Ecco cosa succede alla Sea Watch 3. Con 47 migranti a bordo, più l’equipaggio, si trova in mare dal 19 gennaio con il divieto di attraccare. Non solo. Da stamani, la Capitaneria di Porto di Siracusa ha emesso un’ordinanza: il divieto assoluto di navigazione, di ancoraggio e di sosta nel mezzo miglio intorno alla nave. Un fettucciato immaginario, potremmo dire, una linea debole che però contiene di tutto: le regole del mare, la Costituzione, i diritti dei migranti, gli accordi internazionali e buona fetta della nostra etica collettiva.
La Sea Watch è una nave privata, battente bandiera olandese, e secondo il diritto internazionale ogni nave ha una “casa” che ne detiene la responsabilità, quindi l’Olanda ha l’incombenza di questi migranti. Ciò in buona sostanza è quello che dice Luigi Di Maio. Ma le regole del mare ci dicono che in caso di salvataggio in acque internazionali è verso il primo porto sicuro che ti devi dirigere, per prestare le cure necessarie;questo quello che dice l’equipaggio della Sea Watch (accusato, da una certa fantasiosa parte politica, di aver scelto maliziosamente l’Italia come porto più vicino). La Costituzione, poi, concede il diritto di asilo, che in caso di minori è totale e incondizionato: non è possibile respingere i minori e sulla Sea Watch ci sono 13 minori di cui 8 non accompagnati. E in questo cumulo di regole, di rimbalzi, inchieste, prese di posizioni politiche e dimostrazioni di forza, il fettucciato tra noi e la Sea Watch, tra di noi come esseri umani, si allarga.
Matteo Salvini non si arrende, così dice. La sua è una questione di principio. Cosa saranno mai 47 migranti (da lui definiti “clandestini”: ma prima dei controlli nessuno è clandestino. Ecco ancora regole), viene da chiedersi. Non servono i dati sull’immigrazione per capire che non saranno 47 persone a mandarci in default come Stato. Per altro, nel 2018 sono sbarcati in Italia circa 23 mila migranti e Matteo Salvini era già Ministro dell’Interno e già parlava di chiudere i porti; difficile poi stabilire quanti migranti siano arrivati via terra, soprattutto dai Paesi dell’Est Europa. Insomma: 47 persone, in mare da oltre 10 giorni, di cui 13 bambini non sono poi così pericolosi. Lo diventano quando la Sea Watch è l’ultima nave esistente a salvare i migranti in mare, l’ultima a prestare soccorso, a farsi portavoce di un compito civile tanto ovvio quanto urgente.

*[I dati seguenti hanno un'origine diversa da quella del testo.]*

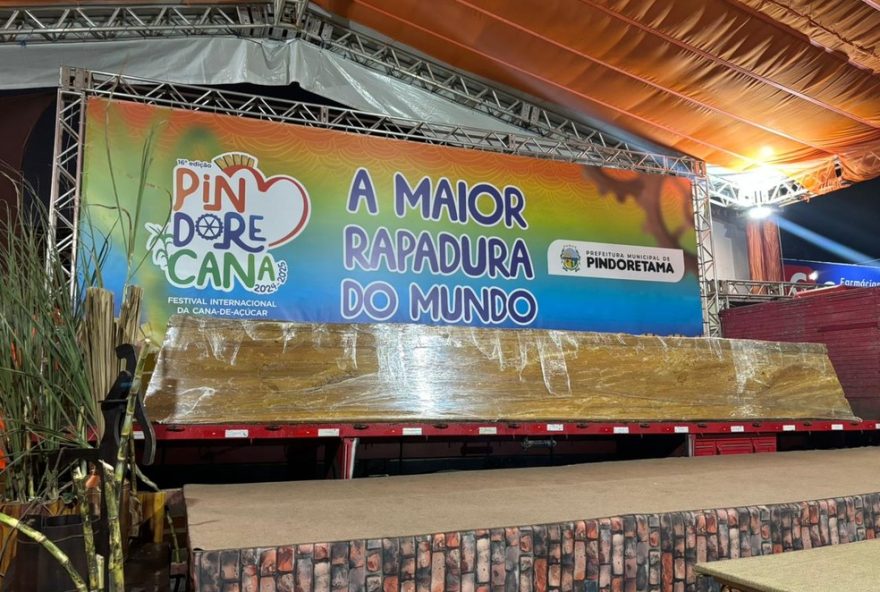 maior-rapadura-do-brasil-quebrada-com-britadeira-em-festival-no-ceara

Quei 47 migranti rappresentano la pelle su cui giocarsi una battaglia politica che ha molto a che vedere con gli interessi personali, le promesse elettorali, la stabilità delle poltrone, la solidità delle reputazioni prima che con la logica e con le risorse effettive dell’Italia come Stato e come porto. Persone usate come campo di battaglia.
Dalla Sea Watch non si scende e nemmeno ci si sale. A svettare è invece la mancanza di buon senso e l’incapacità di comprensione delle regole civili e internazionali degli Italiani, figli minori di un’ignoranza volontaria che ci farà colare tutti a picco.